While the tech behind the idea is interesting, it does not seem that anyone has thought – this is an idiotic idea which could be used to do no good.
Microsoft calls VALL-E a “neural codec language model,” and it uses a technology called EnCodec, which Meta announced in October 2022. VALL-E generates discrete audio codec codes from text and auditory prompts, unlike other text-to-speech methods synthesising speech by manipulating waveforms.
It analyses how a person sounds, breaks that information into discrete components (called “tokens”) thanks to EnCodec and uses training data to match what it “knows” about how that voice would sound if it spoke other phrases outside of the three-second sample. Or, as Microsoft puts it in the VALL-E paper:
To synthesise personalised speech (e.g., zero-shot TTS), VALL-E generates the corresponding acoustic tokens conditioned on the acoustic tokens of the three-second enrolled recording and the phoneme prompt, which constrain the speaker and content information. Finally, the generated acoustic tokens are used to synthesise the final waveform with the corresponding neural codec decoder.
Microsoft trained VALL-E’s speech synthesis capabilities on an audio library assembled by Meta called LibriLight. It contains 60,000 hours of English language speech from more than 7,000 speakers, mostly pulled from LibriVox public domain audiobooks. For VALL-E to generate a good result, the voice in the three-second sample must closely match a voice in the training data.

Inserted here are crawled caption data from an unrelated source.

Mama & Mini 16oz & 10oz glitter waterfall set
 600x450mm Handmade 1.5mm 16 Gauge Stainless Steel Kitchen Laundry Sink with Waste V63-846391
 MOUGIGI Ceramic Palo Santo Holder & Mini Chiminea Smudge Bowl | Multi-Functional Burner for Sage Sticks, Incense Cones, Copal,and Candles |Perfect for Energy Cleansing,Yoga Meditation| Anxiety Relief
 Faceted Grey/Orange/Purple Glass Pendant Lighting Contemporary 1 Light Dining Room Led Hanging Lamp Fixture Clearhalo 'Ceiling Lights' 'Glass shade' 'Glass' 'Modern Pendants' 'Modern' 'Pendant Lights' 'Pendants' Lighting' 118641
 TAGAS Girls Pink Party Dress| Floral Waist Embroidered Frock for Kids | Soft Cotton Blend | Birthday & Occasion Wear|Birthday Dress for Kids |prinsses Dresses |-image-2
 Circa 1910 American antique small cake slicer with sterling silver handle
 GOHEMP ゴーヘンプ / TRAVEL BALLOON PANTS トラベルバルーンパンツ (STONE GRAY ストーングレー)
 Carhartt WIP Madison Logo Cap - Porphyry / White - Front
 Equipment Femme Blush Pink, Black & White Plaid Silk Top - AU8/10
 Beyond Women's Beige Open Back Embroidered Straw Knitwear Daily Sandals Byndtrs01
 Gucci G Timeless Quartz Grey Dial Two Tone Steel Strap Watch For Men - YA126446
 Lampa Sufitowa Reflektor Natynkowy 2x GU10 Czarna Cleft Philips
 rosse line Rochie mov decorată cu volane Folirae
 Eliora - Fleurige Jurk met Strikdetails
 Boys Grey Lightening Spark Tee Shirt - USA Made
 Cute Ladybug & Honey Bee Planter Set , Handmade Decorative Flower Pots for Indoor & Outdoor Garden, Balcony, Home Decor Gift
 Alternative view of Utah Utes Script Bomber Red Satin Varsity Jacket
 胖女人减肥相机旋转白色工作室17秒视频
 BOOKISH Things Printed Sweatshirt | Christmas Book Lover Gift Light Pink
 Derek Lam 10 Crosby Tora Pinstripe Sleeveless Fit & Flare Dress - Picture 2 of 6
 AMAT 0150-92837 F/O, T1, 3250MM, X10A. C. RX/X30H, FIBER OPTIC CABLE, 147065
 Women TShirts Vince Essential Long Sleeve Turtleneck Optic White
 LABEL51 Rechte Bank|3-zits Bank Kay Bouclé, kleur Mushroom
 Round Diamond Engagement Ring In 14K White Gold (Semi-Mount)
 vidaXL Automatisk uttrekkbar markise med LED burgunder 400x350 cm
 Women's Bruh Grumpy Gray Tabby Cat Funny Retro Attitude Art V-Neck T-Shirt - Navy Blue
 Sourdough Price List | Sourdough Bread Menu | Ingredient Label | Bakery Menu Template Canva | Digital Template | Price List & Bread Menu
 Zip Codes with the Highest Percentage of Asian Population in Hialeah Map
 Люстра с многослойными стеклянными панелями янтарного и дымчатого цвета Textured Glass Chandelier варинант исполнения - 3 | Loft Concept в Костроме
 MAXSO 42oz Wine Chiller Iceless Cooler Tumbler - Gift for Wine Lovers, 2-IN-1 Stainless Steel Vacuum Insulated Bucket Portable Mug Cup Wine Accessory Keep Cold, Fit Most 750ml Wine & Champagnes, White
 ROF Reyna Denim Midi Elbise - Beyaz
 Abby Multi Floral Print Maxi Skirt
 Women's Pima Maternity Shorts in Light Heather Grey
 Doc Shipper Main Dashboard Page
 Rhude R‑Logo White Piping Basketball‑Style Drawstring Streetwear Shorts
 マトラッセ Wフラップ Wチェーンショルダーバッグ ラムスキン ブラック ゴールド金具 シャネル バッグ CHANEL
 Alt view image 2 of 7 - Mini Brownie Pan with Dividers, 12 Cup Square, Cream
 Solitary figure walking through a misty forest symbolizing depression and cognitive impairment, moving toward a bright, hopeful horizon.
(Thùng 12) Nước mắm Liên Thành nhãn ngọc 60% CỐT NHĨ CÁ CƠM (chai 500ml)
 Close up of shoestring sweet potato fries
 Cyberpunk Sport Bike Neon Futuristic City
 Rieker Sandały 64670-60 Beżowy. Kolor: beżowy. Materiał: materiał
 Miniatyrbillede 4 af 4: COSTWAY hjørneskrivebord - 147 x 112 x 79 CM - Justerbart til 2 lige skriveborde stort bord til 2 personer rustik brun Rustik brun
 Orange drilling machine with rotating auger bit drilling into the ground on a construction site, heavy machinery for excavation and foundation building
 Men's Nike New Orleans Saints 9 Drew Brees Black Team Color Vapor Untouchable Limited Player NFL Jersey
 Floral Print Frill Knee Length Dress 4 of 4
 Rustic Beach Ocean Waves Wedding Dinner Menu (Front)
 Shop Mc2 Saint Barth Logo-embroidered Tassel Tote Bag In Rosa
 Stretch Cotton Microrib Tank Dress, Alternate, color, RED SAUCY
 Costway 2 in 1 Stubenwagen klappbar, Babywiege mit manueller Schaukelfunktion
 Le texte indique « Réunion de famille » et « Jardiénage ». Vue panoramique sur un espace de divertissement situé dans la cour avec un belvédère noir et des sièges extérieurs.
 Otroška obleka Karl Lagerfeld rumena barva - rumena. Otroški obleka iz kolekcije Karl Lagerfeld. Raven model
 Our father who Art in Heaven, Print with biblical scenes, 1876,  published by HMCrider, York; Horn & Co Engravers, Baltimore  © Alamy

Perhaps owing to VALL-E’s ability to fuel mischief and deception, Microsoft has not provided VALL-E code for others to experiment with, so we could not test VALL-E’s capabilities. The researchers seem aware of the potential social harm that this technology could bring. For the paper’s conclusion, they write:
Since VALL-E could synthesise speech that maintains speaker identity, it may carry potential risks in misuse of the model, such as spoofing voice identification or impersonating a specific speaker. To mitigate such risks, Vole claims it is possible to build a detection model to discriminate whether VALL-E synthesised an audio clip.